I have deactivated my Facebook account more times than I care to remember. And it pains me to say that every single time, I have pressed the reactivate button in a matter of days.
The pressure is real. For one reason or another it’s mighty hard to kick the habit.
For example my work in media is inextricably linked to social media. Our Facebook page is where we publish content and interact with our audience.
And sure, on a personal level there are also obvious benefits.
Facebook is where friends gather for a chat, where party invitations are posted, where memories are shared, where concerts are advertised.
But mostly Facebook is perceived reality, not reality.
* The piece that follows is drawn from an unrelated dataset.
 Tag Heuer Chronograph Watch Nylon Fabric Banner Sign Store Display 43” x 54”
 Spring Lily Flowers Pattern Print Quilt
It’s when people post pictures with perfect smiles and perfect poses to show the poster is living a life worthy of envy. The motivation can be to create a brand for their business, or a profile to get friends. Sometimes it’s simply just about seeing how many “likes” they can attract. How important they are to the people around them.
Posters unashamedly sit back and marvel at the level of love that’s out there for them and their situation.
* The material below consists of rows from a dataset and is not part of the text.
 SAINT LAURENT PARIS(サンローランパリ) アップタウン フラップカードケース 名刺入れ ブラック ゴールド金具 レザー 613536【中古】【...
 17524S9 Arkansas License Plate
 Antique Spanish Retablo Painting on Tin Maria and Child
Well here’s a news flash. Often the “likers” just click the thumbs up button as they scroll through their feed for 20 seconds of their day. They’ve probably “liked” another 20 either side.
And what I find particularly bemusing is the passive aggressive fights that fester and then explode between grown adults.
A post like “I just don’t understand people sometimes” can be translated to: “A friend has just pissed me right off. Please ask me for details.”
Then there’s those passive aggressive jibes disguised as motivational quotes: “Surround yourself with the things you love. Discard the rest” is a good one. We all know that means someone is about to be blocked – or unfriended at the very least.